Fandom and Community: The Lesson from Station Eleven
Warning: this article contains spoilers from the book “Station Eleven” by Emily St. John Mandel
Station Eleven, written by Emily St. John Mandel, is two story at once. The story of a bunch of people before a major, world ending pandemic happened, and the story of a bunch of people after.
Station Eleven is the title of a comic book written in the pre apocalypse world, by an unknown writer who we get to know throughout the story.
The comic book ends up in the hands of two different people in the post apocalypse world. Both are kind of obsessed with it and both attached value to it: it is determinant for their life choices, their way of conceptualise themselves and the world they live in.
Ultimately, the comic book ends up being a connection between three different people, who haven’t even spoke to each other.
Stories as connections is a whole theme in Station Eleven; the book is kind of didactic about it.
In the post apocalypse world we have the Traveling Company, a group of actors and actresses that goes around America to perform Shakespeare.

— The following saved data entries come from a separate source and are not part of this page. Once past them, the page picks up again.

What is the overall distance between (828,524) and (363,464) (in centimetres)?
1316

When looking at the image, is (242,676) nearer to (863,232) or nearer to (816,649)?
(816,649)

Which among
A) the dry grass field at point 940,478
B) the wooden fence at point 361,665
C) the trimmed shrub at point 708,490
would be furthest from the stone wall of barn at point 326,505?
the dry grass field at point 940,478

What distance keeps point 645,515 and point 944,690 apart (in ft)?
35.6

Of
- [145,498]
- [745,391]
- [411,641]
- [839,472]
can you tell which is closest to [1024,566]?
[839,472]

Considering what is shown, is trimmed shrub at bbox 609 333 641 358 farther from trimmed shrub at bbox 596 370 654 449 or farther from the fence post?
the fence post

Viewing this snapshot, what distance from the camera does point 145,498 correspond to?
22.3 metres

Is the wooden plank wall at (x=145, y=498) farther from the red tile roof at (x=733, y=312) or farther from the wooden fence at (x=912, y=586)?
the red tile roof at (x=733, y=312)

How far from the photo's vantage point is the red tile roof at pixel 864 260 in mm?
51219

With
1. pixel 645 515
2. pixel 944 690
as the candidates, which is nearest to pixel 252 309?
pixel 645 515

Shakespeare is kind of an obvious choice as he is probably the most iconic western writer, one that quintessentially portrayed the emotional spectrum of human kind. Moreover, Shakespeare wrote during the plague epidemic, a major event that also changed his life, as members of his family died of it. His shows were usually performed in the Globe Theatre, to this day, one of the most famous and iconic example of a “public” theatre, as it was cheaper compared to other theatres. The relevance of the Globe as a popular space for entertaining is also embodied by a fun fact; back in the days the money for the tickets were put in a box before entering to the theatre-this is why today not only we called the space we buy tickets “box office,” but it is also a term associated with public success of a movie/play.

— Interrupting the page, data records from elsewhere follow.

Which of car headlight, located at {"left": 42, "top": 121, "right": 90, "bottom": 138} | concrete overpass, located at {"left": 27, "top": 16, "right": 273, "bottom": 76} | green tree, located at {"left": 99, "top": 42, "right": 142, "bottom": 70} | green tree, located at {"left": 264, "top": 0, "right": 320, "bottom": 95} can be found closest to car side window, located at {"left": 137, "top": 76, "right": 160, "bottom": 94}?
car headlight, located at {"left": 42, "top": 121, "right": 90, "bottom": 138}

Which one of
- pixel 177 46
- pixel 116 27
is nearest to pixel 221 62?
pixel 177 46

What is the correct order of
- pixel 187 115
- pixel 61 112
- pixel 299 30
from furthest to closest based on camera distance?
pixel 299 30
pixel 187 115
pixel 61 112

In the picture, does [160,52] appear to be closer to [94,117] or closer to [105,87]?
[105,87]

The book itself openly breaks down to us readers this strong connection between the Traveling company and Shakespeare, making it very clear that what we are talking about here are connections, public spaces and how stories can travel through time and space.
The idea that a story can be a connection and a form of community has not been invented by Station Eleven.
In the ancient Greek world, theatre was considered a focal moment of community life. All the citizens had to attend, to the extent that a public fund existed as to let people who could not afford it attend.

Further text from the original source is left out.